Getting an Account and Authentication
Email firstname.lastname@example.org briefly describing your computational requirements.
- All systems are accessed via SSH, SCP and/or SFTP.
- All systems are firewalled. Some systems are accessible from all University of Manchester IP addresses; others are not. Few are accessible from outside of the University of Manchester.
Using GUI-Based Applications
- SSH, on its own, gives a command-line interface only. Should the use of GUI-based applications be required, for example the Notepad/Wordpad-like editor Gedit, or the Matlab graphical shell, then X-Windows (X11) may be tunnelled through the SSH connection (and an X-server will be required on the local desktop/laptop).
The Nature of the Systems
All RCS-administered HPC systems are Linux clusters of many computers, usually called nodes. In most cases these clusters exist on a completely private network; users directly access only one or two login/head nodes.
Running a Computational Job in the Batch System
- Many people are likely to be using each cluster simultaneously;
all computational jobs must be run run on compute nodes, not on the login/head node(s). Computational work is submitted to these compute nodes via the batch system queues.
Running Interactive Computational Jobs
- The vast majority of computational work carried out on RCS HPC systems is done in batch mode, i.e., non-interactively. On rare occasion it is necessary to run jobs interactively. Experimental queues exist on two RCS systems, Man2 and Mace01, which facilitate this.
- Running GUI-based, interactive computations presents a problem: if the local desktop or laptop which on which the GUI is displayed is switched off, or looses network connectivity, the computation will be killed even though it
is running on the remote HPC system. Using a virtual desktop to display the GUI eliminates this problem.
Troubleshooting and FAQ
Getting an Account; Authentication
Getting an Account
To get an account on any RCS-administered HPC system, email email@example.com, briefly describing the computational work that you wish to carry out, for example:
- applications, compilers or libraries needed;
- a rough estimate of diskspace required;
- the nature of the computational jobs you hope to run, for example:
- Do you wish to run a few long-running jobs, or a lot of short jobs?
- Does your work require a particularly large amount of memory?

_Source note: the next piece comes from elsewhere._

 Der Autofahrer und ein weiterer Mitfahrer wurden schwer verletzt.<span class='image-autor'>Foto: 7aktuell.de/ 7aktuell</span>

- Is your code serial or parallel? (i.e., can it use more than one CPU at once?)
Getting Your Username and Password
For each HPC system run by IT Services for Research, you will have a username and password to enable you to authenticate (login) and run computational jobs. These credentials are independent of your central IT Services username and password, though, simply for ease of administration, the username will usually be the same.
Once you have an account on an HPC system, the system-administrator will contact you to give you your username and password.

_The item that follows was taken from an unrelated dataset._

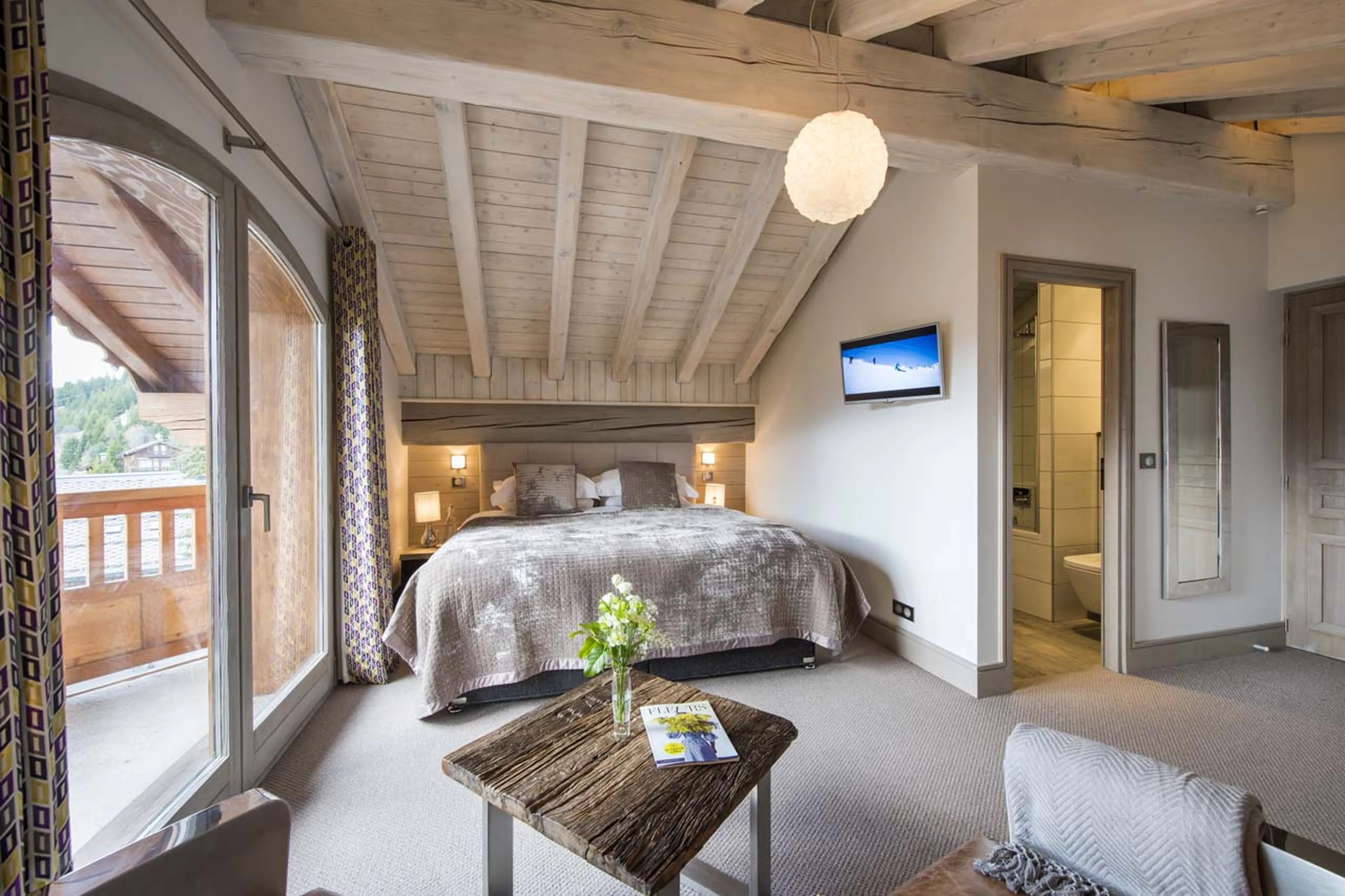 Bedroom one Kings Suite at Chalet Pont du Cam in Meribel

For security reasons, as soon as you have received your credentials for a system, you should login and change your password (using the passwd or yppasswd commands).
Connecting to Linux-Based HPC Systems
Secure Shell (SSH)
Secure Shell (SSH) is a network protocol which is used to connect to remote computers, i.e., to authenticate (login) and interact with the remote system.
Macintosh OS-X systems and all popular Linux distributions include an SSH client called OpenSSH; MS Windows users must download and install one. The most popular is PuTTY which can be freely downloaded and installed.
Using OpenSSH on Linux and OS-X
At a command line, on Linux or OS-X, simply type
The first time you connect to a particular system you will be prompted to confirm its authenticity, for example
The authenticity of host 'man2.nw-grid.ac.uk (188.8.131.52)' can't be established. RSA key fingerprint is cf:48:69:ff:99:f0:a1:4a:80:0b:46:b5:40:c0:fc:4c. Are you sure you want to continue connecting (yes/no)?
Unless you have any reason for doubt, enter yes and you will then be prompted for your password — enter that given to you by the system's administrator (not your central IT Services password).
From a MS Windows desktop/laptop, to authenticate (login) to a remote Linux system, install and start PuTTY
Enter the name of the system to which you wish to connect and click Open.
and enter the name of the system to which you wish to connect in the Host Name box — in the above case man2.nw-grid.ac.uk; then click Open.
The first time you connect to any given system you will see a PuTTY aecurity alert
PuTTY Security Alert
The first time you connect to a system you will see a PuTTY security alert.
It should be safe to click Yes. (If this alert appears again, for a particular system, it may be a good idea to email the system administrator.)
The next step is authentication. Enter your username at the prompt — this will usually be your central IT Services username:
PuTTY Login Prompt
Enter your username at the prompt and then the password given to your for this system, when asked.
Then, when prompted, enter the password given to you by RCS.
GUI-Based Applications and X-Windows
Using PuTTY alone allows you to login and enter commands, for example, submit computational jobs to the batch system. But what if you want to start a GUI-based editor, such as gedit, or start the Matlab GUI? Then you will need to be running an X11 Server on your local desktop/laptop and also to connect using PuTTY with X11 tunnelling enabled.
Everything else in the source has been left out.